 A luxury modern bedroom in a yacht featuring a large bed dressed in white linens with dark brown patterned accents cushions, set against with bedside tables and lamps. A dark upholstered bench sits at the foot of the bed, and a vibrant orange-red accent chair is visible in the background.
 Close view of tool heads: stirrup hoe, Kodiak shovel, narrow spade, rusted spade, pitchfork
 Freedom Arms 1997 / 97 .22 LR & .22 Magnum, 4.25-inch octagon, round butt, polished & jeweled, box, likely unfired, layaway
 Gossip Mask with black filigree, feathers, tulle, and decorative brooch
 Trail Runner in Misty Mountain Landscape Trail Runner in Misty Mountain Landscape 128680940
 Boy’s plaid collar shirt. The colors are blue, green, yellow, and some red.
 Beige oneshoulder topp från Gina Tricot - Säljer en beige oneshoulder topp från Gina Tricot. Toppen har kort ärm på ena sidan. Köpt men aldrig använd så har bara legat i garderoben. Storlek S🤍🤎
——————
PROBLEM STATEMENT - Set down, exactly and without anything extra, every line from the one that contains "Freedom Arms 1997" through the final line of the material.

EXERCISE RESULT -
 Freedom Arms 1997 / 97 .22 LR & .22 Magnum, 4.25-inch octagon, round butt, polished & jeweled, box, likely unfired, layaway
 Gossip Mask with black filigree, feathers, tulle, and decorative brooch
 Trail Runner in Misty Mountain Landscape Trail Runner in Misty Mountain Landscape 128680940
 Boy’s plaid collar shirt. The colors are blue, green, yellow, and some red.
 Beige oneshoulder topp från Gina Tricot - Säljer en beige oneshoulder topp från Gina Tricot. Toppen har kort ärm på ena sidan. Köpt men aldrig använd så har bara legat i garderoben. Storlek S🤍🤎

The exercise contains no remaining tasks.